Summary and Origin Edit
The European Silver Fir (Abies alba), also known as the silver fir, is a fir native to the mountains of Europe, from the Pyrenees north to Normandy, east to the Alps and the Carpathians, Slovenia, Croatia, Bosnia and Herzegovina, Montenegro, Serbia, and south to Italy, Bulgaria, Albania and northern Greece.
Abies is derived from Latin, meaning ‘rising one’. The name was used to refer to tall trees or ships.
Alba means ‘bright’ or ‘dead white’.
The European Silver Fir is a large evergreen coniferous tree growing to 40–50 m (130–160 ft) (exceptionally 60 m (200 ft)) tall and with a trunk diameter up to 1.5 m (4 ft 11 in). The largest measured tree was 60 m tall and had a trunk diameter of 3.8 m (12 ft). It occurs at altitudes of 300–1,700 m (980–5,580 ft) (mainly over 500 m (1,600 ft)), on mountains with rainfall over 1,000 millimetres (39 in) per year.

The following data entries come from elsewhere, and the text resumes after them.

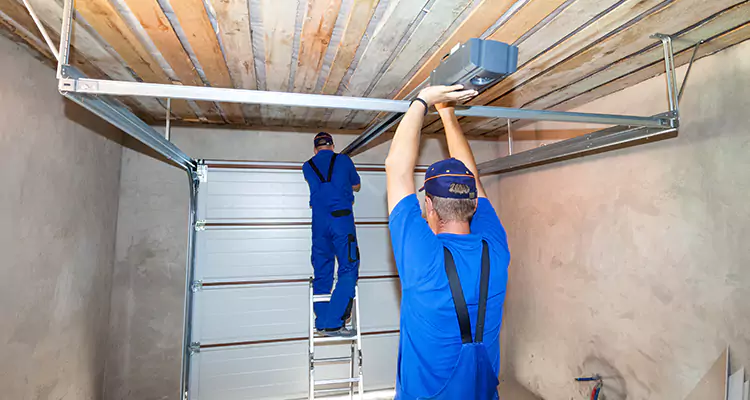 Garage Door Opener Technician in DeLand, FL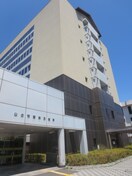 若林区役所(役所)まで500m アスコット一本杉Ⅰ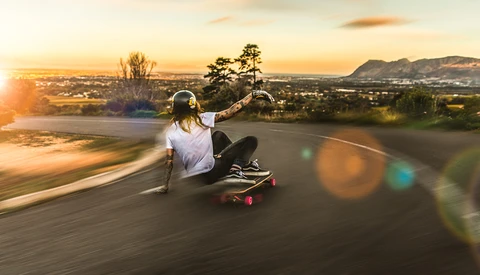 Get Better Footage with a Strap, Tripod, or String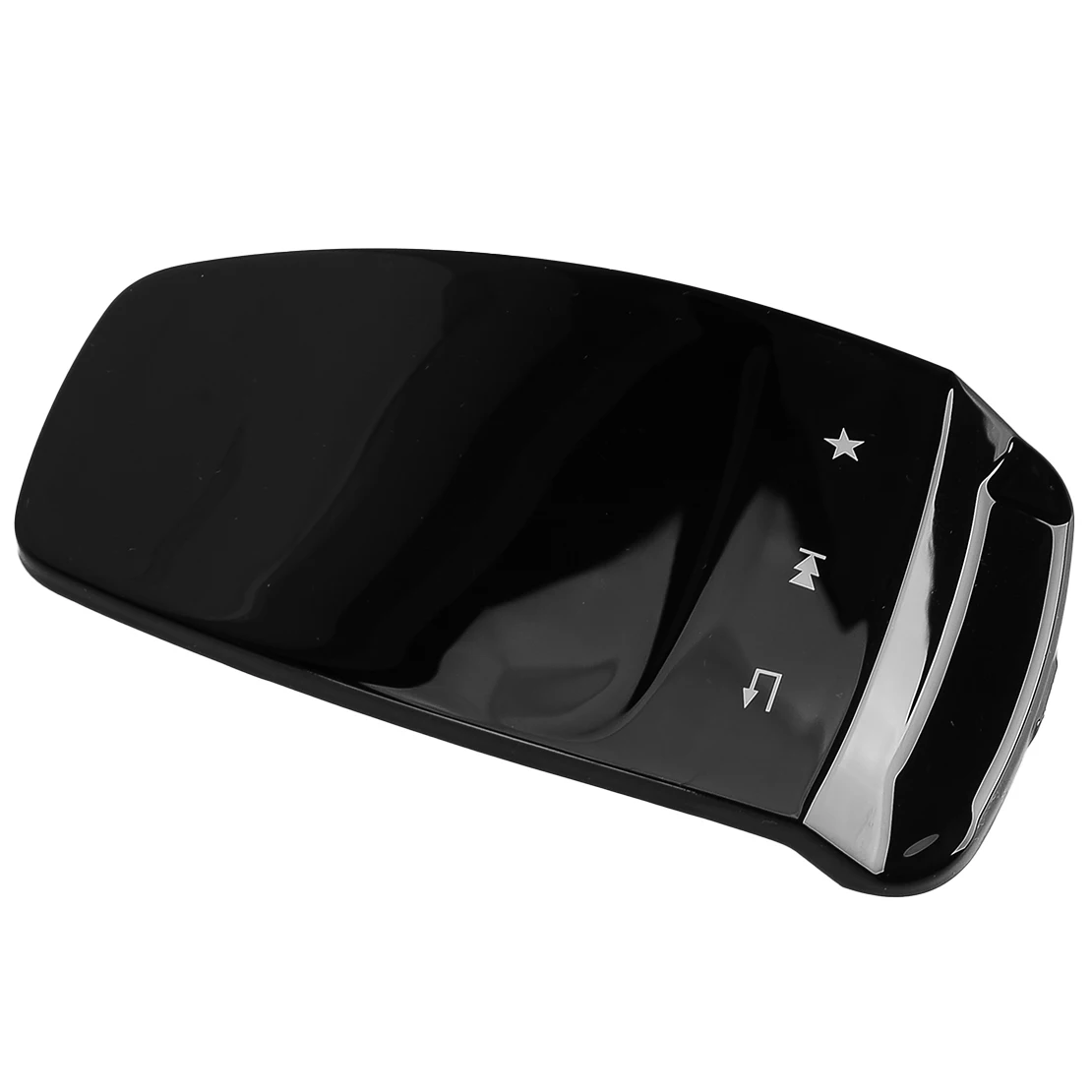 

Glossy Black Controller Console Touch Pad 2059009927 Fit for Mercedes Benz C Class W205 GLC W253 GLS GLE W166 2016-2019 Plastic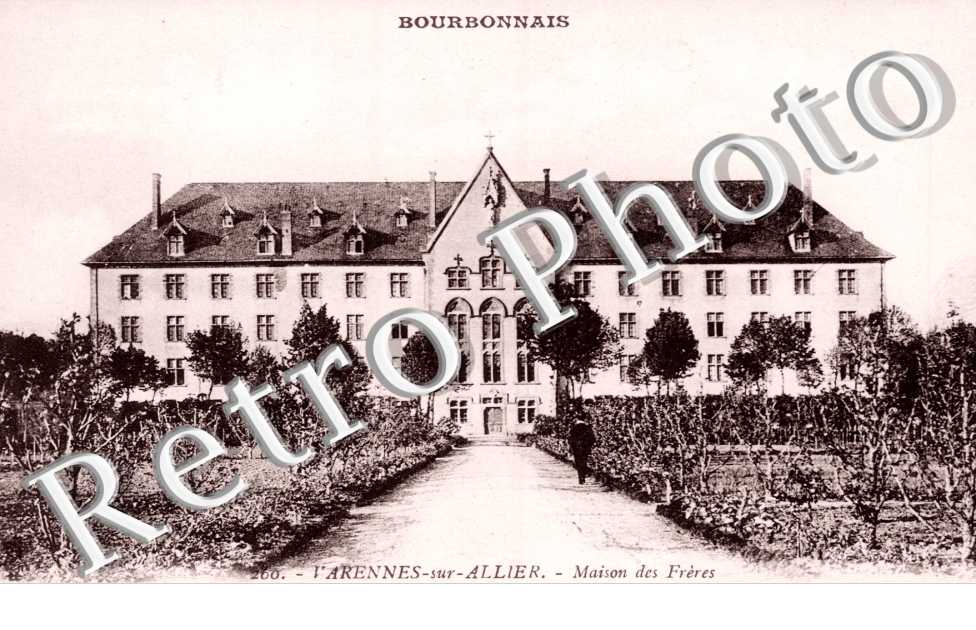 Maison des Freres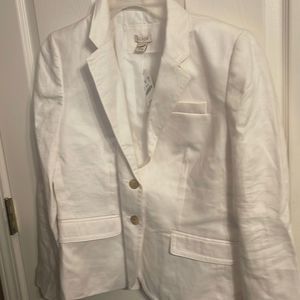 JCREW Blazer NWT Size 6
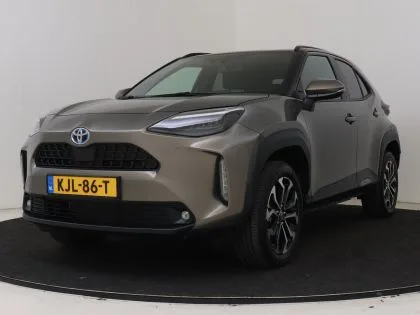 Toyota Yaris_Cross (2024) — foto 1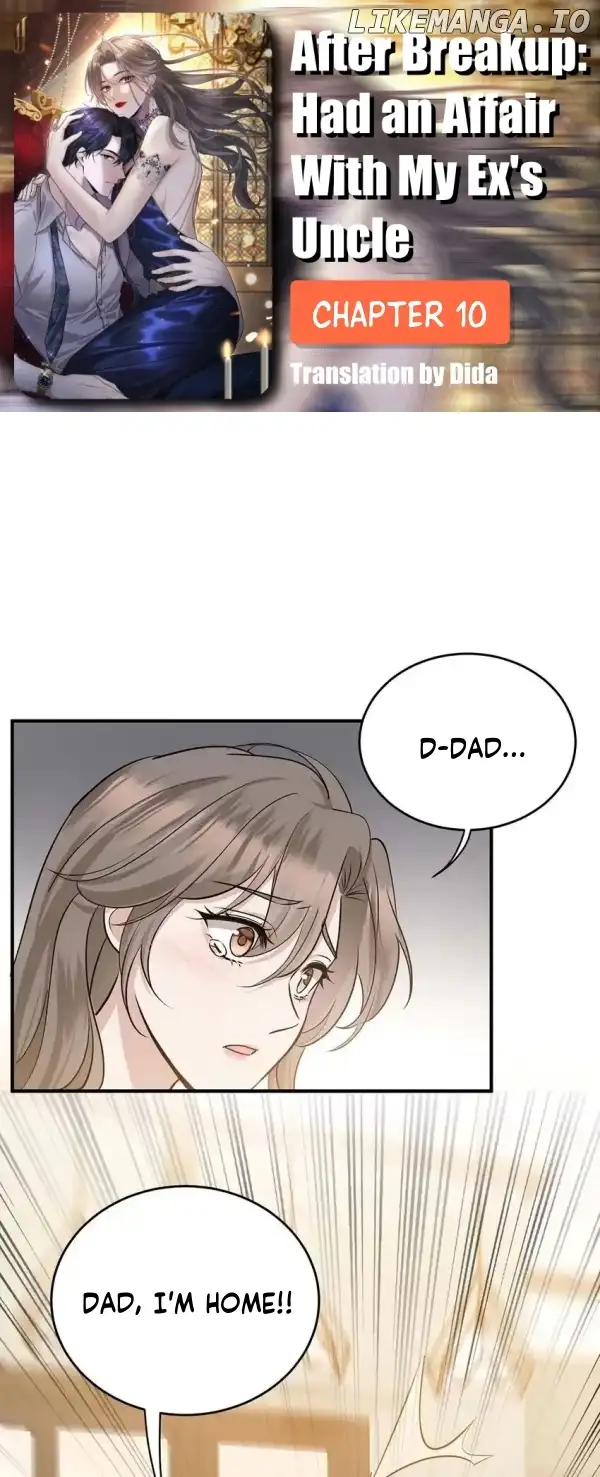 After breaking up, I had relationship with my ex’s uncle-in-law Chapter 10 page 0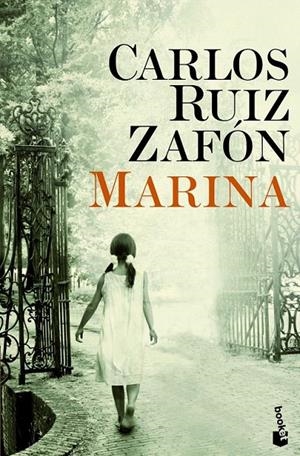 MARINA | 9788408004349 | RUIZ ZAFON, CARLOS | Galatea Llibres | Librería online de Reus, Tarragona | Comprar libros en catalán y castellano online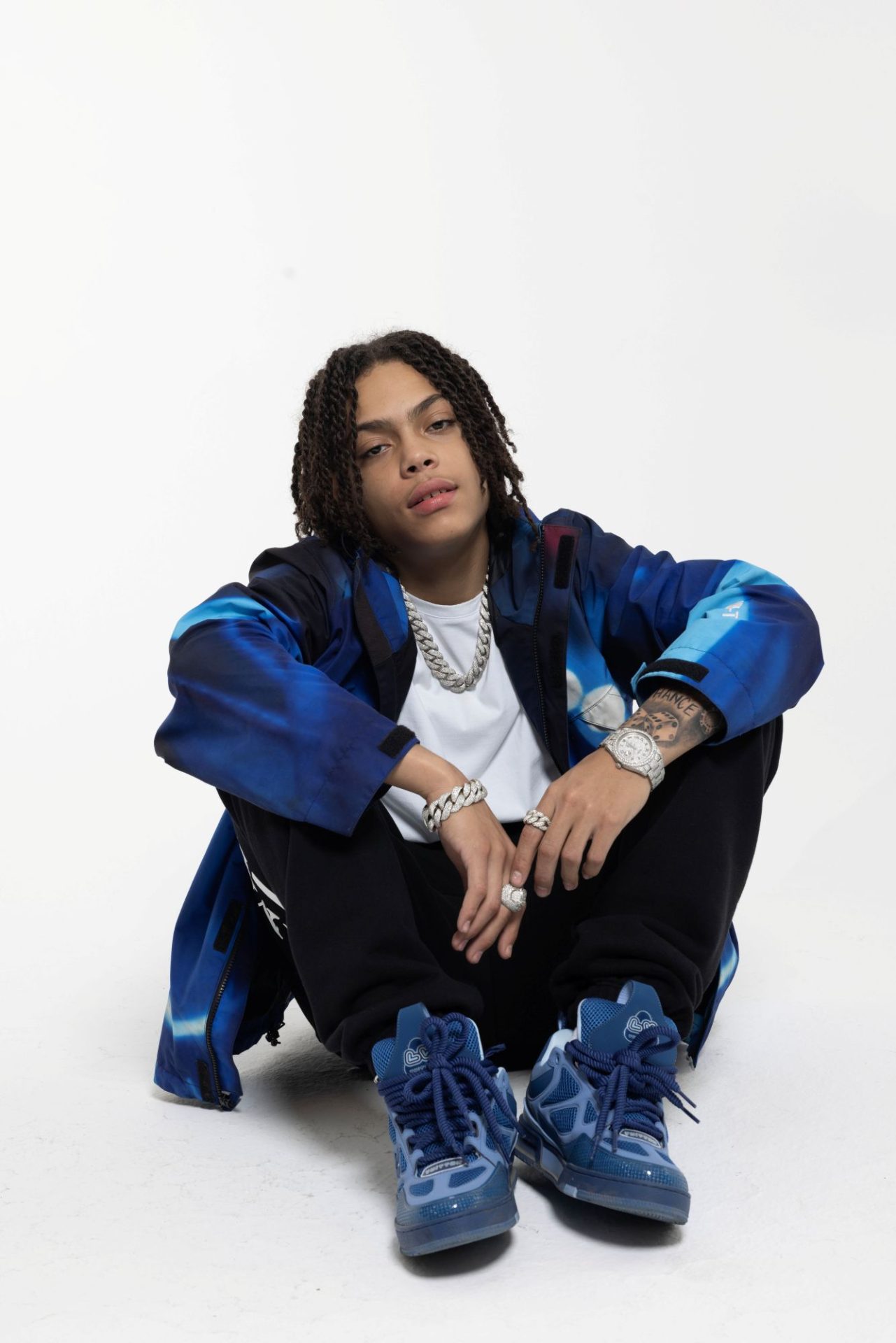 Andre “DreVinci” Jones - Main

The leaves of this fir species are needle-like, flattened, 1.8–3.0 cm (0.71–1.18 in) long and 2.0 mm (0.079 in) wide by 0.5 mm (0.020 in) thick, glossy dark green above, and with two greenish-white bands of stomata below. The tip of the leaf is usually slightly notched at the tip. The cones (the non-flowering plant version of flowers) are 9–17 cm (3.5–6.7 in) long and 3–4 cm (1.2–1.6 in) broad, with about 150-200 scales, each scale with an exserted bract and two winged seeds; they disintegrate when mature to release the seeds. The wood of the tree is white, leading to the species name alba.